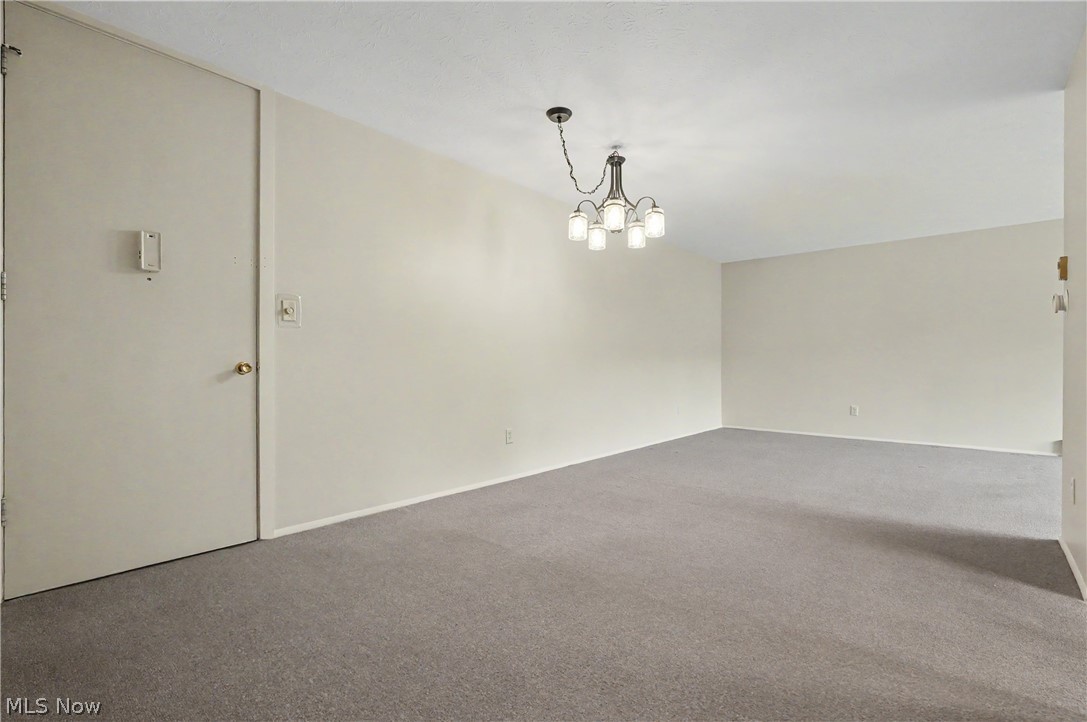 3066 Kent Road 301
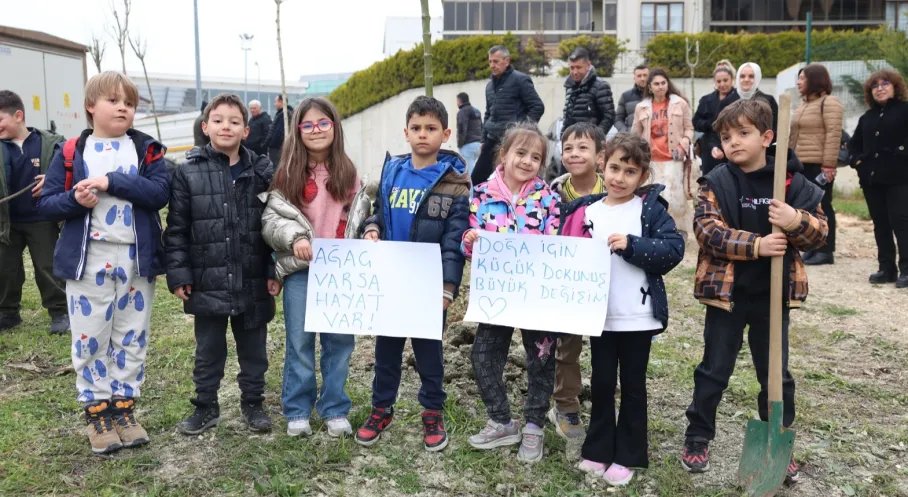 Geleceğe Nefes Oldular: Nilüfer'de Minikler Doğa İçin Fidan Dikti, Umutlar Yeşerdi!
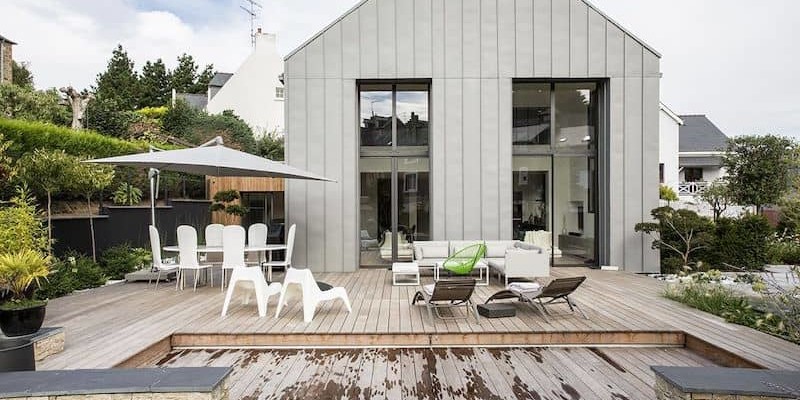 Terrasse mobile amovible coulissante de piscine en bois fermée intégration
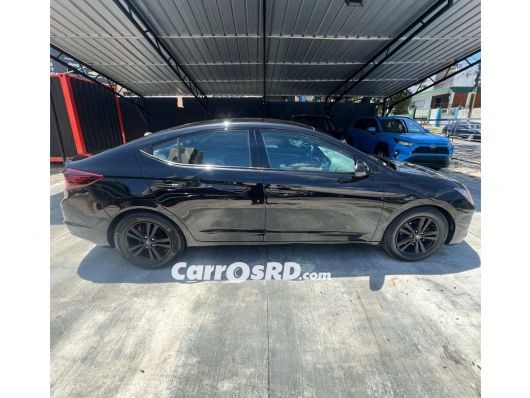 Hyundai Elantra Carros en venta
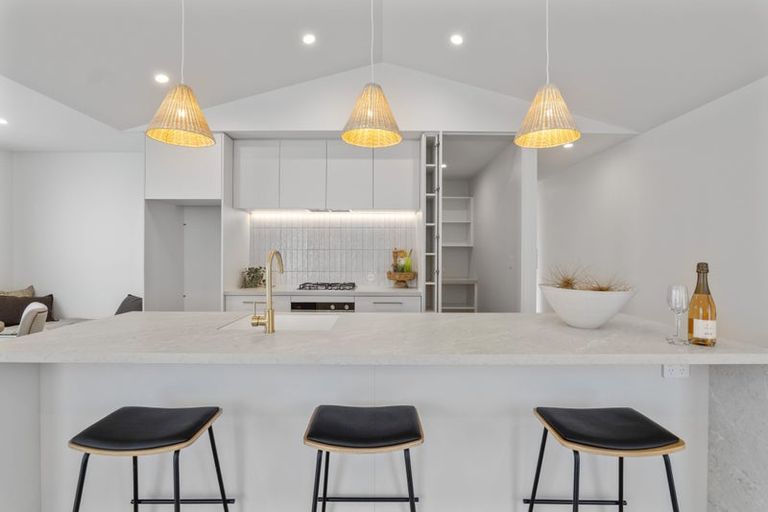 Photo of property in 9/2 Wilton Street, Westown, New Plymouth, 4310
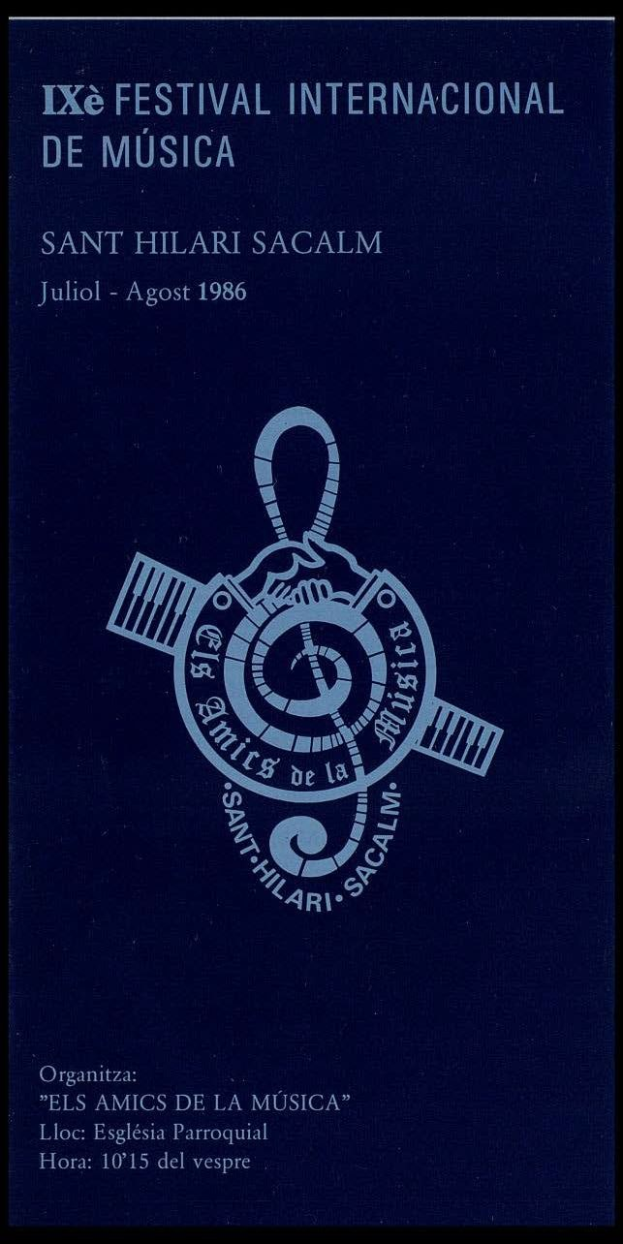 Plakat für das Ixé Festival Internacional de Música mit einem kreisförmigen Logo, das eine Musiknote inmitten von Blättern und Blumen zeigt, sowie einer fetten weißen Schrift, die "Internationales Musikfestival" lautet, und einem tiefblauen Hintergrund mit Sternen.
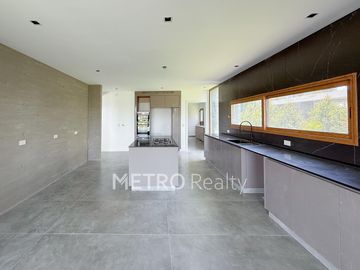 Casa en venta al lago central con 4 suites en Virazon, Nordelta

------------------------------------------------

• **About this task**
An exact copy of the lines from the one with "Geleceğe Nefes Oldular: Nilüfer'de" through the end of the entries above, both included, is the whole answer. It contains no pictures.

• **The completed task**
 Geleceğe Nefes Oldular: Nilüfer'de Minikler Doğa İçin Fidan Dikti, Umutlar Yeşerdi!
 Terrasse mobile amovible coulissante de piscine en bois fermée intégration
 Hyundai Elantra Carros en venta
 Photo of property in 9/2 Wilton Street, Westown, New Plymouth, 4310
 Plakat für das Ixé Festival Internacional de Música mit einem kreisförmigen Logo, das eine Musiknote inmitten von Blättern und Blumen zeigt, sowie einer fetten weißen Schrift, die "Internationales Musikfestival" lautet, und einem tiefblauen Hintergrund mit Sternen.
 Casa en venta al lago central con 4 suites en Virazon, Nordelta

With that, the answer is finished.